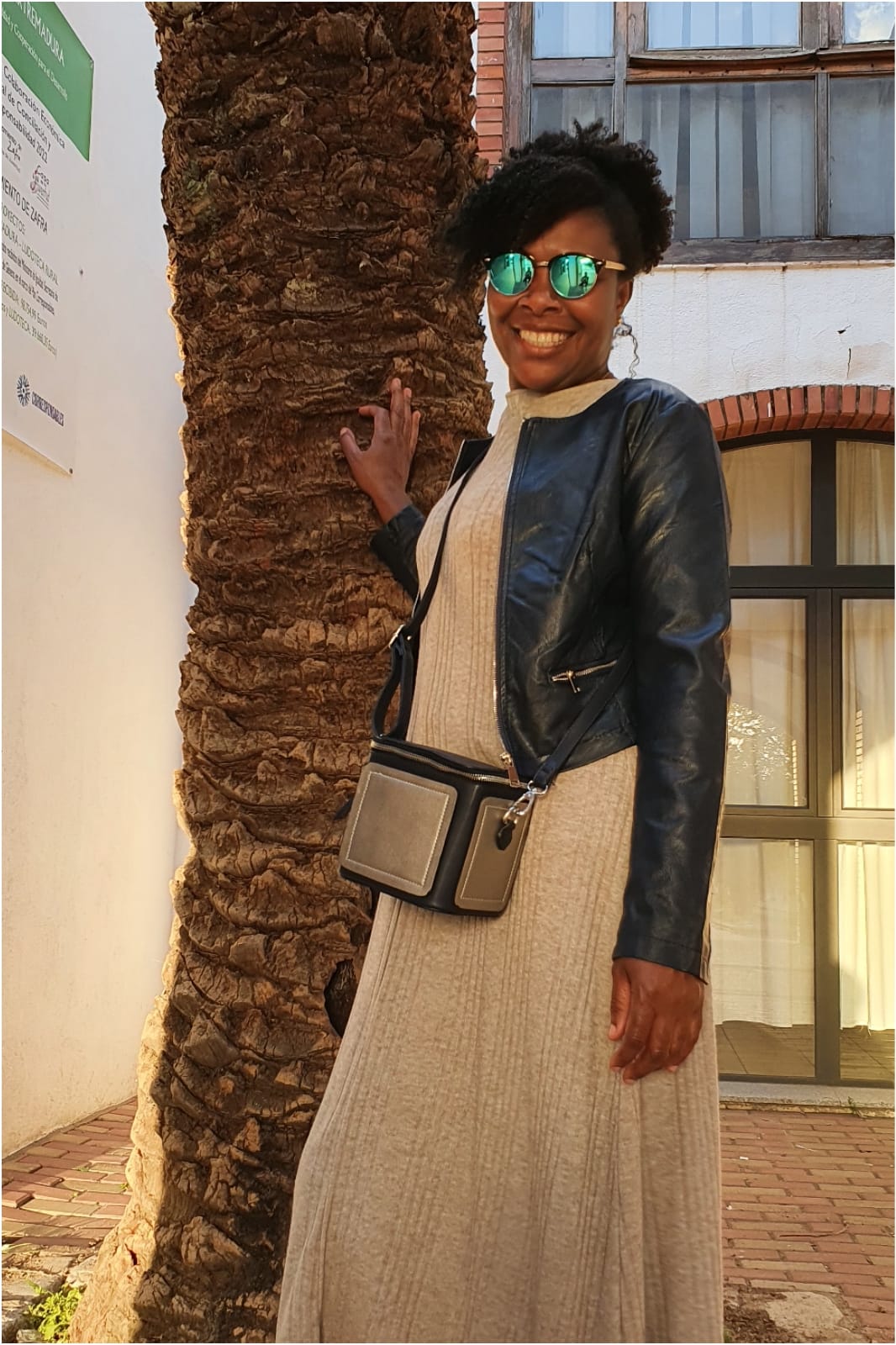 Bolso combinado cuadrado mujer - Imagen 3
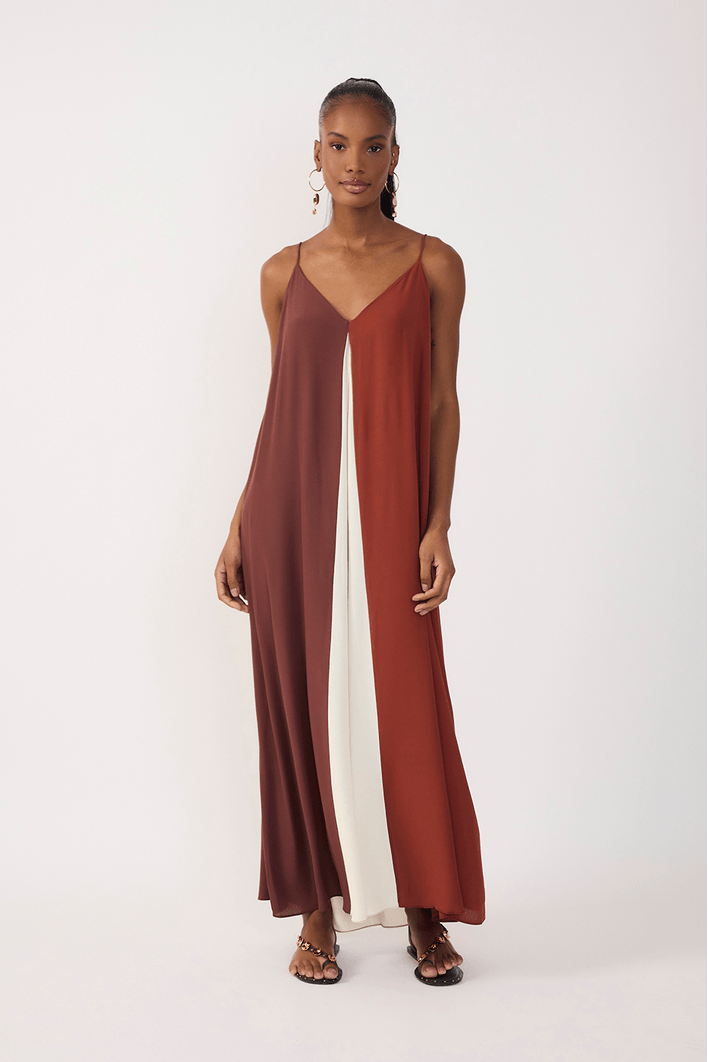 Vestido Cropped Crepe Color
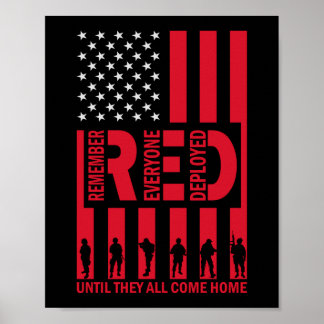 Affiche Red Rappelez-Vous Tous Déployés Jusqu'À Ce Qu'Ils 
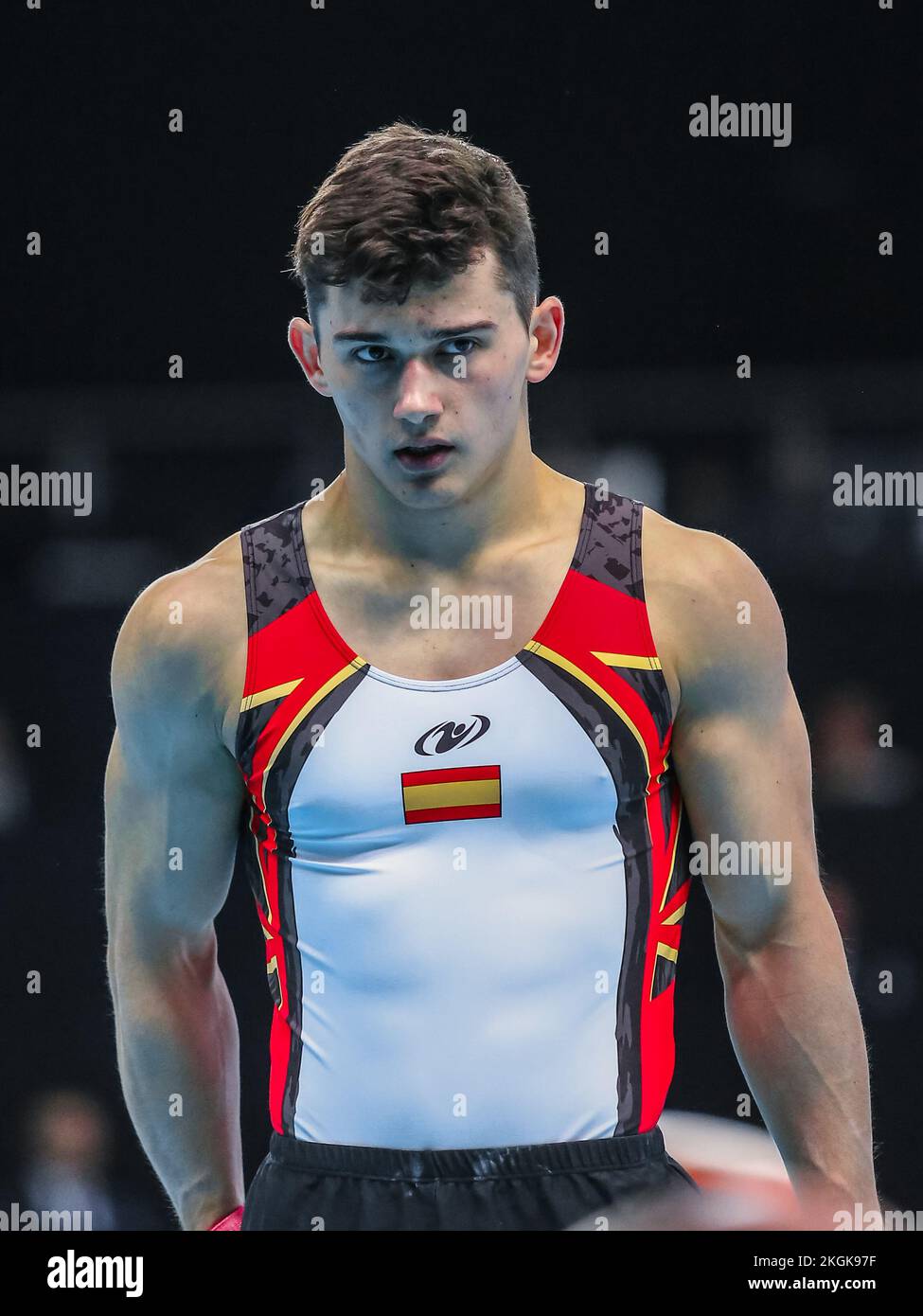 Szczecin, Polonia, 10 aprile 2019: Atleta spagnolo Mir Nicolau durante i campionati europei di ginnastica artistica Foto Stock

────────────────

§ **TASK GOAL**: Word for word and without any pictures, return all of the lines above.

§ **EXERCISE RESPONSE**:
 Bolso combinado cuadrado mujer - Imagen 3
 Vestido Cropped Crepe Color
 Affiche Red Rappelez-Vous Tous Déployés Jusqu'À Ce Qu'Ils 
 Szczecin, Polonia, 10 aprile 2019: Atleta spagnolo Mir Nicolau durante i campionati europei di ginnastica artistica Foto Stock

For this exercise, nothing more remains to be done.